++++ DATASET RECORDS

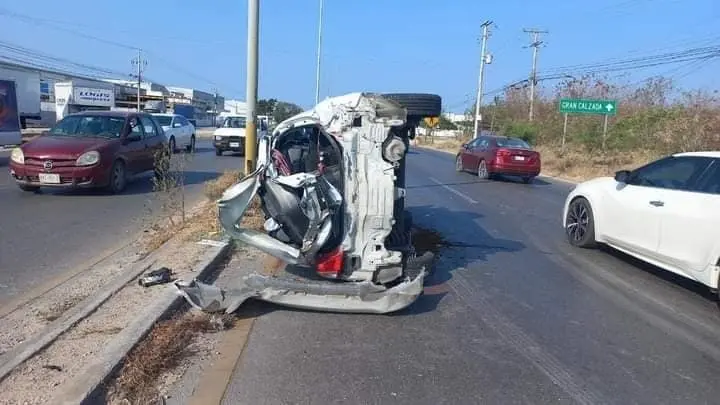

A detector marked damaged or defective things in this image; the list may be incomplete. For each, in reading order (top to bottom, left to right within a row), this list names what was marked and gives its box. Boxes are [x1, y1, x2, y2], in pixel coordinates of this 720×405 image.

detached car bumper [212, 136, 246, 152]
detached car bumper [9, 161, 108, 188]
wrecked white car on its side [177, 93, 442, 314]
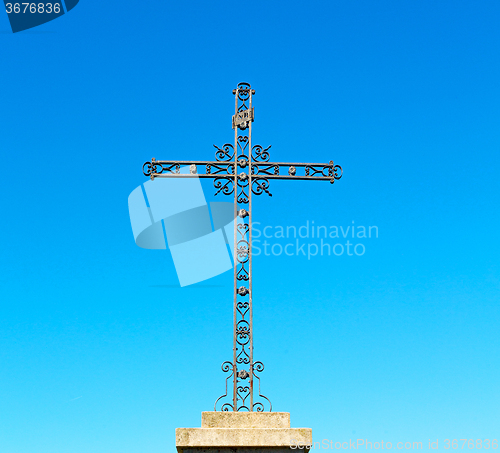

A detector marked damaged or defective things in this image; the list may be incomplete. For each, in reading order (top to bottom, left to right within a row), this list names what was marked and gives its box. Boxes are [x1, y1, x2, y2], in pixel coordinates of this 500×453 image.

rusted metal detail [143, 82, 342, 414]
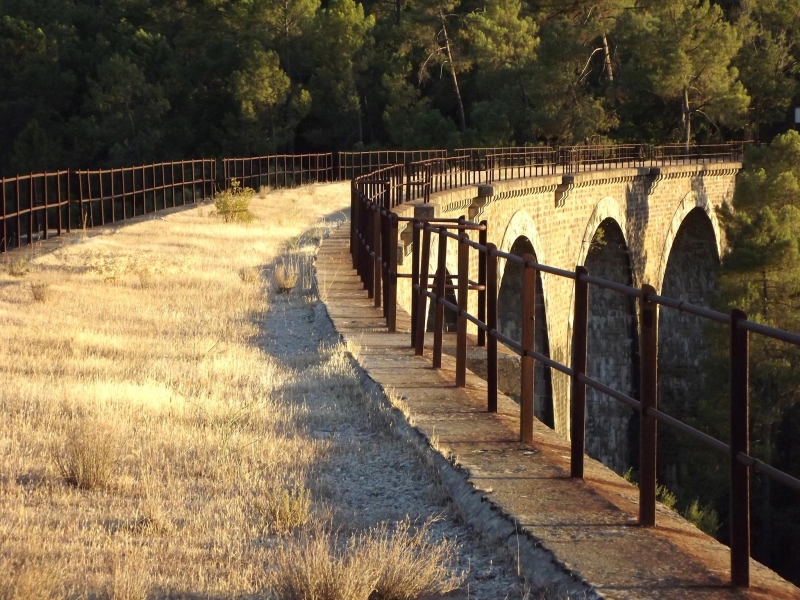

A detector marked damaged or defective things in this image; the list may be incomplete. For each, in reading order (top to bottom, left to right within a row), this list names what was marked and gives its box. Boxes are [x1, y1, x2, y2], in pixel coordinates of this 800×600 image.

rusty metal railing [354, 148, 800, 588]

++++++++

_TASK GOAL_. For this exercise, retype exactly, and only, the lines from the line with "this 500×453 image." through the last line of the material above, both included. Pictures stay out.

_RESPONSE AREA_.
A detector marked damaged or defective things in this image; the list may be incomplete. For each, in reading order (top to bottom, left to right within a row), this list names what was marked and gives its box. Boxes are [x1, y1, x2, y2], in pixel coordinates of this 500×453 image.

rusted metal detail [143, 82, 342, 414]

A detector marked damaged or defective things in this image; the list may be incomplete. For each, in reading order (top to bottom, left to right within a row), this list names what was marked and gives its box. Boxes are [x1, y1, x2, y2], in pixel coordinates of this 800×600 image.

rusty metal railing [354, 148, 800, 588]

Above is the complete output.